Roger, you may have noticed something about the replies to your question. There is no consensus. This indicates that there is no real standard path to learning TeX. I've learned TeX the same way most of these folk have. I've read The TeXbook. I've read 'TeX by Topic'. I've spend hours, days, years pouring over OPC (other people's code) as the spittle drips from my mouth onto the page and my brain freezes and causes global body-locking until I fall off my chair in a dead faint. I've screamed and yelled at the impersonal sky-gods who have decreed that the people who know TeX will never set up easy and accessible methods of teaching and learning TeX except by the hard and stony path that they have trod. There shall be no web-sites where tex code can be looked at and reviewed by the tex-sages. There shall be no books on advanced TeX programming or methods of learning the TeX way implements standard algorithms or do standard thing that are in chapter 1 of most programming books. There shall be no path but the one; the path of figuring it all out by yourself.

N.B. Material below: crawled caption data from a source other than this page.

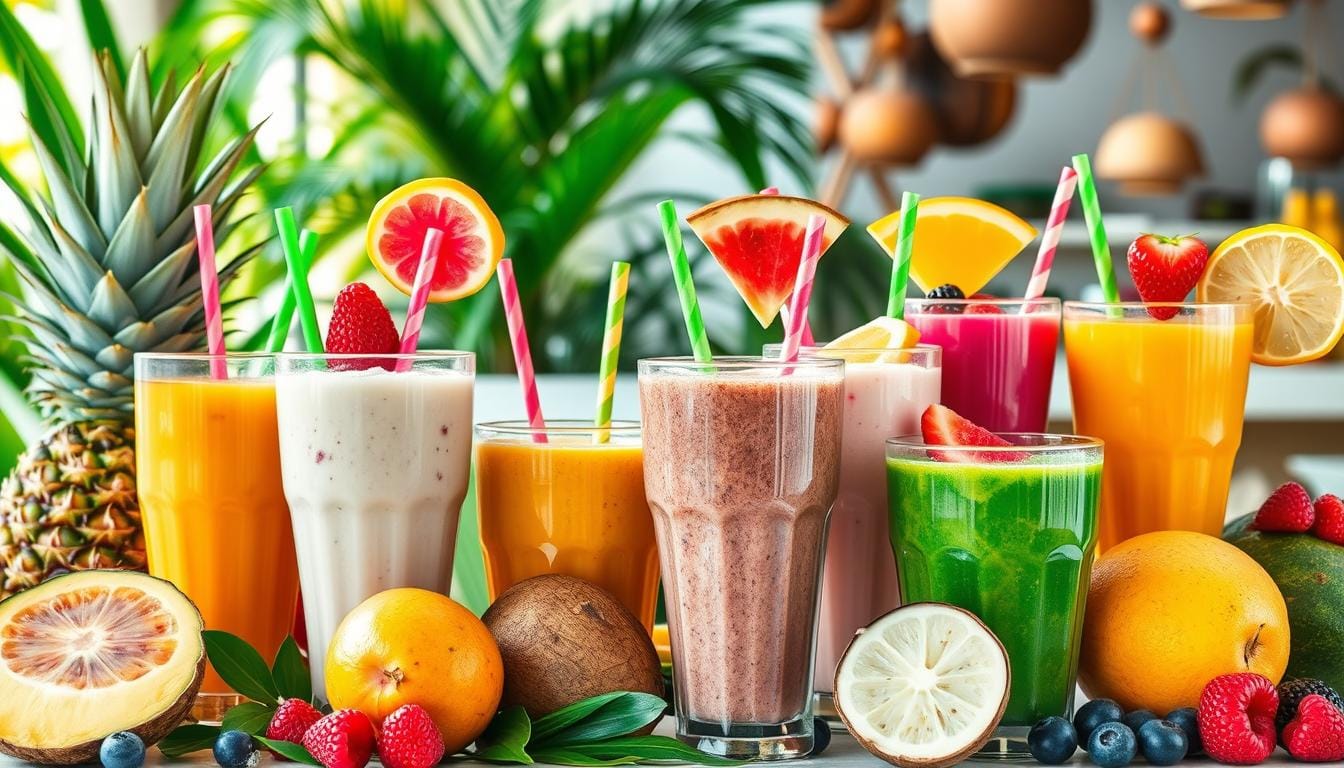 Tropical Smoothies cafe recipes: 10 Vibrant Drinks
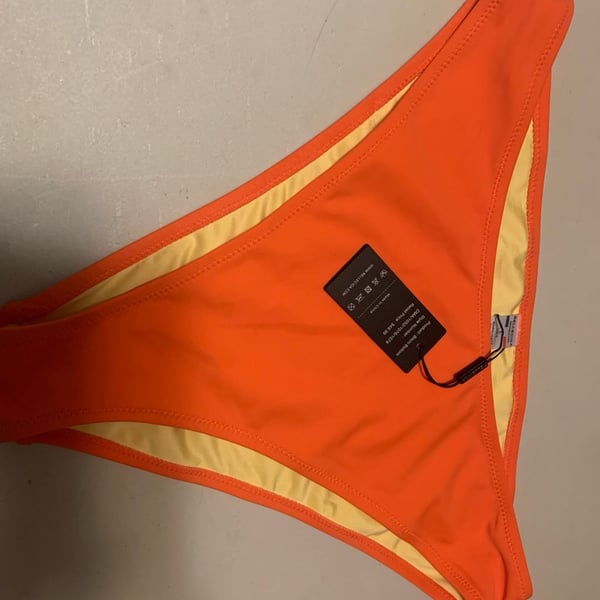 RELLECIGA Orange Bikini Bottom Swimwear
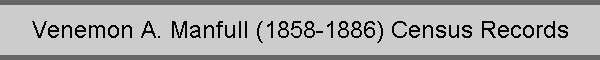 Venemon A. Manfull (1858-1886) Census Records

You see, Roger, the *TeX community is not like other communities of software enthusiasts. In other communities there are books, magazines, classes, websites, and endless ways to learn the tips and tricks of programming in their language. People who know things are glad to help you, even if you are asking things that require them to read more than 10 lines of your code. Sometimes lots of code. There are places to get code reviews of your code. They actually like to spread their knowledge and watch their language spread around the world, creating thriving and pulsing groups of enthusiastic coders.
But in the *TeX world, we hate sharing what we know. Especially with those who don't know and want to learn. We're definitely not going to make it easy for you. If you weren't lazy, you'd do what we did, read the TeXbook, read 'TeX by Topic', read OTP, drool on our desks till you faint. You know, what non-lazy people who don't want others to do all their work for them do.
Let's see. It's almost 2011. TeX was created in 1979 and 'finalized' in 1982. That's almost 30 years ago. Ruby was released in 1995, 15 years ago. Last time I was in Borders, there was a whole shelf or two of Ruby programming books. There were none on programming TeX.
You know what happens when there is no simple path to learning something? Knowledge is lost over time. Are there more people willing to tread the hard and stony path to learning TeX today than 10 years ago, or less? Where is *TeX, and by extension, typographically beautiful documents, going to be in 50 years? Will *TeX, or any descendants, exist?